Conference Coverage

New studies expand on Aimovig for migraine


 

REPORTING FROM THE AHS ANNUAL MEETING

Safety and tolerability for episodic migraine at 3-plus years

Among 383 episodic migraine patients who enrolled in an ongoing 5-year, open-label extension study of erenumab after completing a 12-week, placebo-controlled, double-blind clinical trial, there have been no new safety signals at a mean 3.2 years of follow-up. The incidence rates and types of adverse events remain indistinguishable from placebo as noted in the parent 12-week double-blind trial, with the exception of an increased rate of mild injection site reactions, reported Daniel D. Mikol, MD, PhD, executive medical director for global neuroscience development at Amgen in Thousand Oaks, Calif.

Dr. Daniel D. Mikol, executive director of neuroscience research at Amgen, Thousand Oaks, Calif. Bruce Jancin/MDedge News

Dr. Daniel D. Mikol

Erenumab proves effective in patients who have failed multiple preventive therapies

Jan Klatt, MD, presented the results of the 12-week, double-blind portion of the phase 3b LIBERTY study, the first clinical trial specifically designed to assess the effects of CGRP-directed therapy in patients who have previously failed to respond to and/or tolerate two to four currently available preventive medications at adequate doses for at least 2-3 months.

Dr. Jan Klatt of Novartis, Switzerland Bruce Jancin/MDedge News

Dr. Jan Klatt

The rationale for the trial was straightforward: “There is a particularly high unmet need in patients who have failed currently available preventive therapies, and who are usually considered difficult to treat,” explained Dr. Klatt of Novartis in Basel, Switzerland.

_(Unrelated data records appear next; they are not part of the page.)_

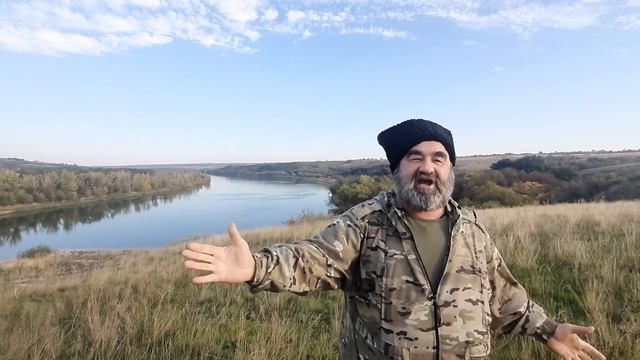 Донской казак Дрожжин С.Ф. "Любо мне, когда Дон разливается!" смотреть онлайн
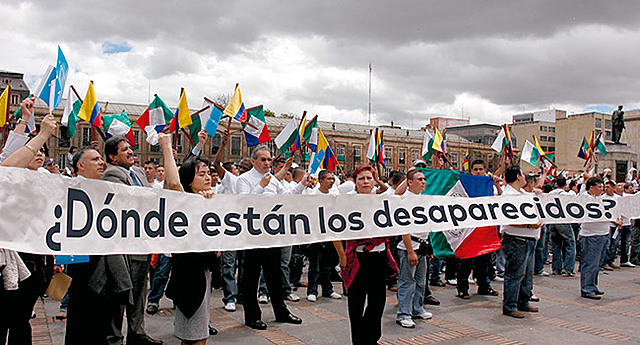 Convención Internacional para la protección de todas las personas contra las desapariciones forzadas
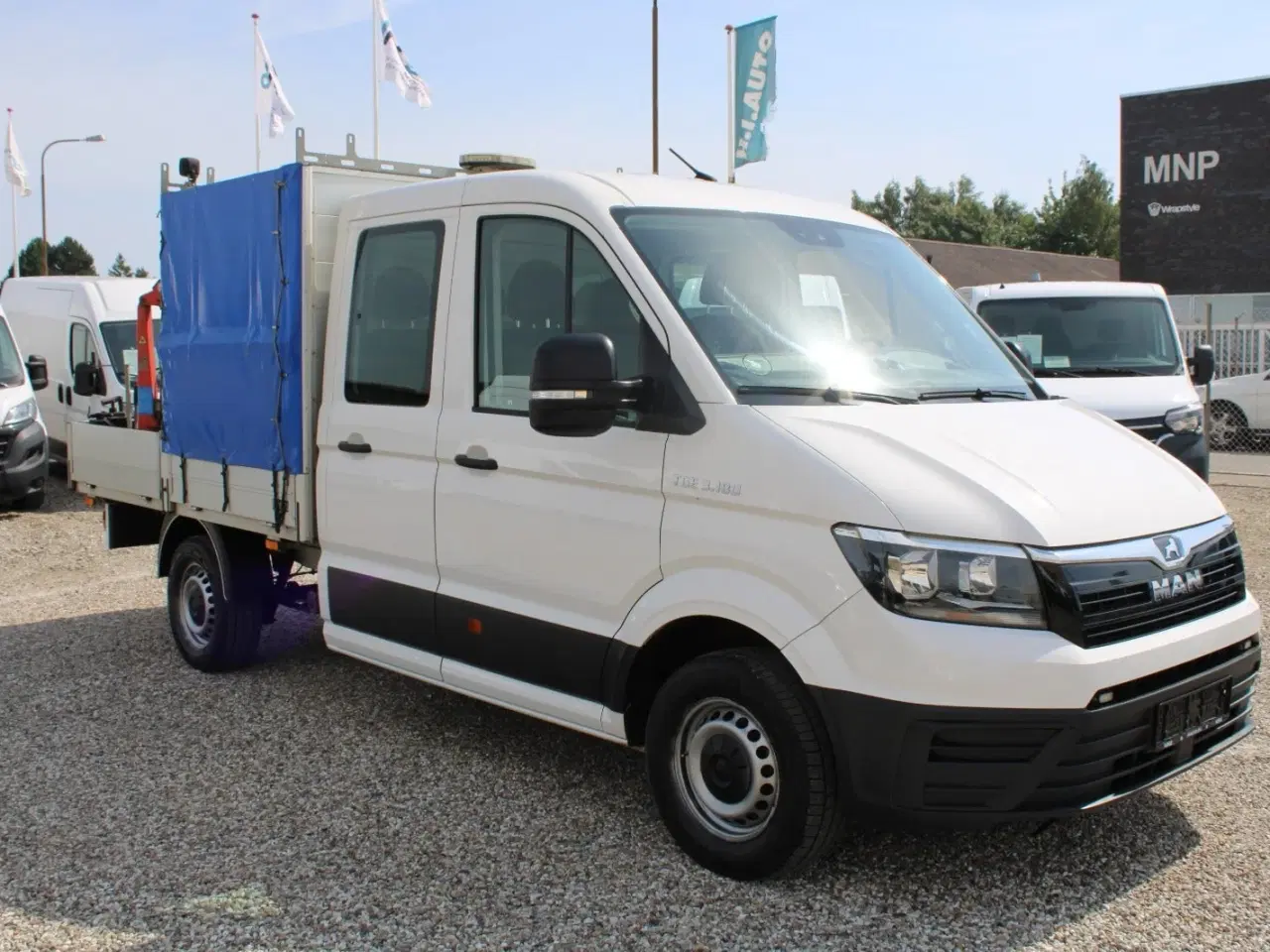 Billede 2 - MAN TGE 2,0 3.180 Db.Kab L3 RWD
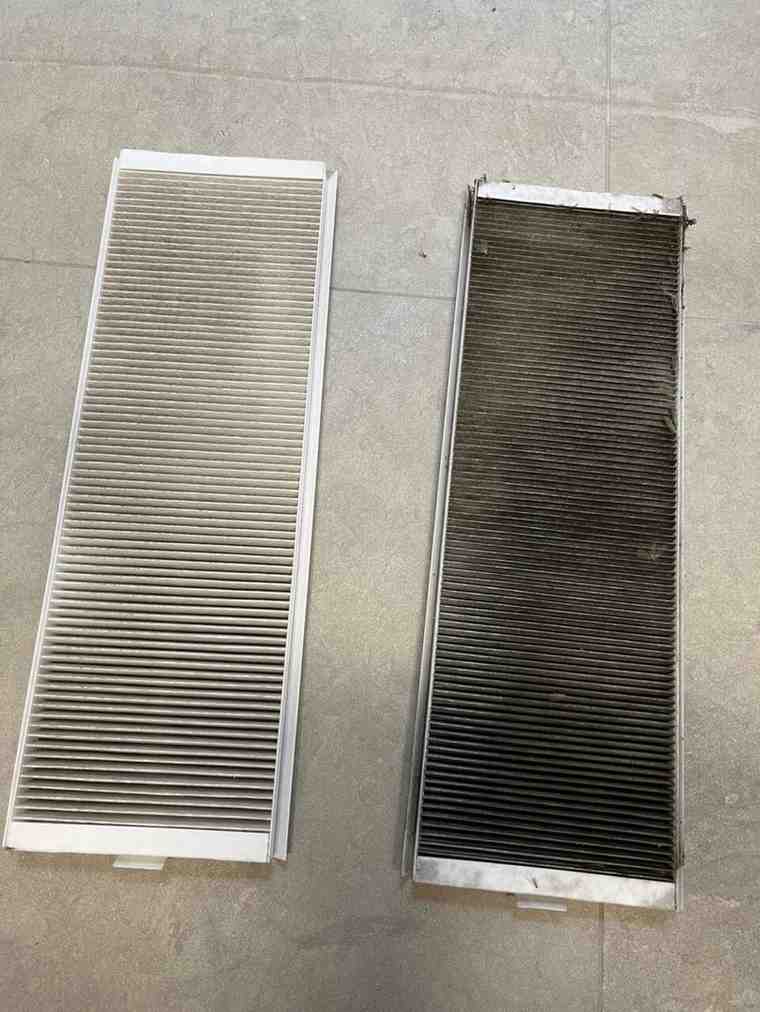 Air filter replacement service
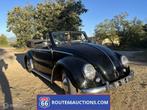 Volkswagen Beetle Cabriolet | 1954 | Route 66 Auctions, Volkswagen, Zwart, Bedrijf, Handgeschakeld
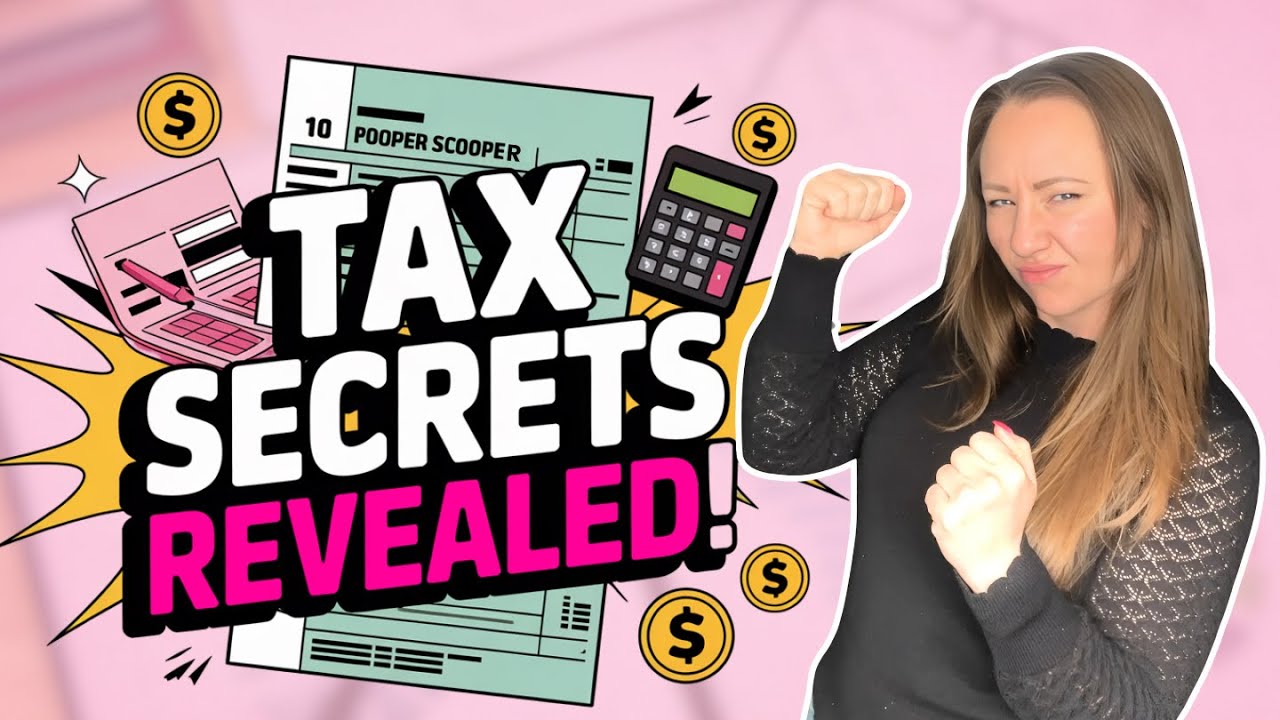 The 2025 Tax Secrets Every Business Owner NEEDS to Know! - YouTube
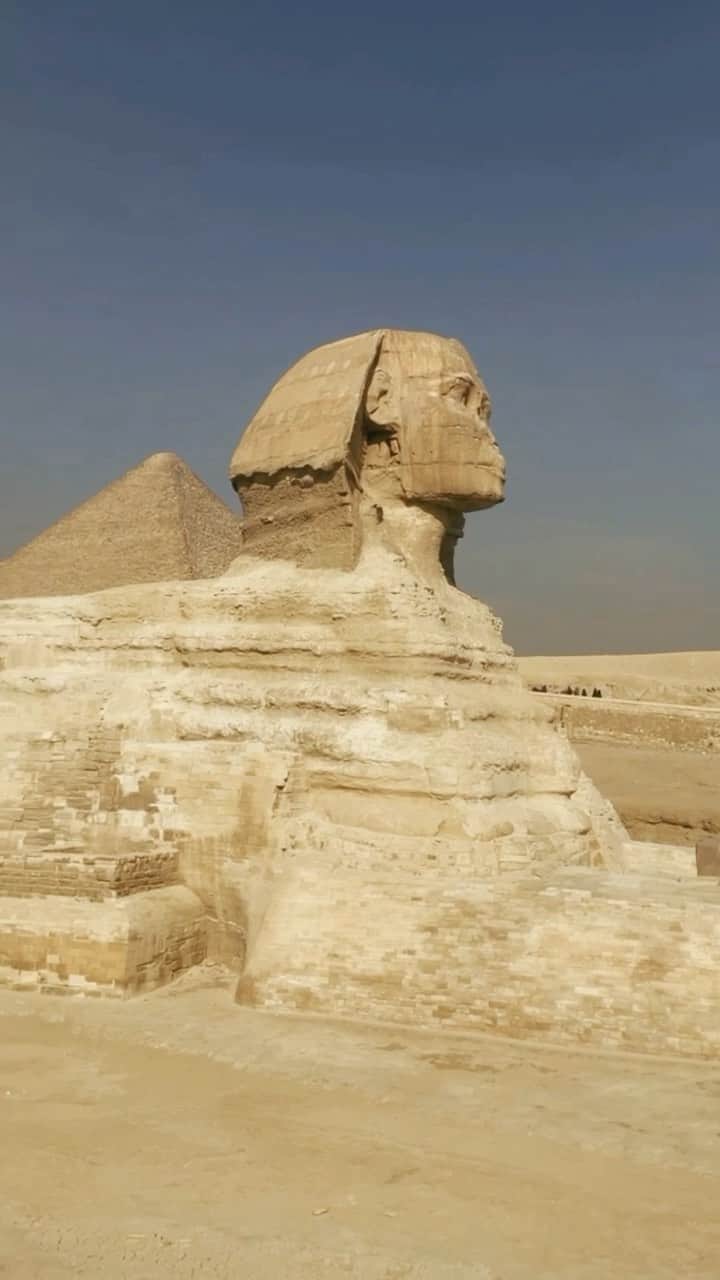 バネッサ・ハッペンコゼンのインスタグラム：「Creo que ir a Egipto está en el bucket list del mundo entero! Desde chiquita tenía una obsesión incomprensible con la cultura faraónica, es mas, jugaba a que era Nefertari…jaja…  Me encantó, me fascinó!」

LIBERTY included 246 such patients with episodic migraine who were randomized to 12 weeks of erenumab at 140 mg monthly or placebo. The primary endpoint – the proportion of patients with at least a 50% reduction in MMDs during weeks 9-12 from the baseline of 9.3 – occurred in 30.3% of the erenumab group, significantly better than the 13.7% rate with placebo, with an adjusted odds ratio of 2.73 for success with erenumab. An open-label extension study is ongoing.

A clear separation was already evident at week 4 of the randomized trial, a prespecified secondary endpoint. A 50% or greater reduction in MMDs was seen at that point in 23.5% of the erenumab group versus 4.8% in placebo-treated controls, for a response odds ratio of 6.16. A 75% or greater reduction in MMDs during weeks 9-12 occurred in 11.8% of the erenumab group and 4% of controls. A 100% response rate – that is, no migraines during weeks 9-12 – occurred in 5.9% of the active treatment arm and none of the controls. Outcomes on two novel patient-reported outcomes – the Migraine Physical Function Impact Diary–physical impairment and –everyday activities subscales – were also significantly better in the active treatment arm.


Treatment outcomes with erenumab were similar regardless of which drug classes patients had previously failed on, the three most common of which were beta-blockers, topiramate, and amitriptyline, which is approved for migraine prevention in Europe, where the LIBERTY trial was conducted.

One audience member observed that the 13.7% primary endpoint placebo response rate was far lower than typically seen in double-blind migraine trials.

“This is something we see quite consistently,” Dr. Klatt replied. “Once you proceed to this kind of more difficult-to-treat population, your placebo response rates drop to really low levels. It’s probably due to the fact that those patients have low expectations for any new therapy.”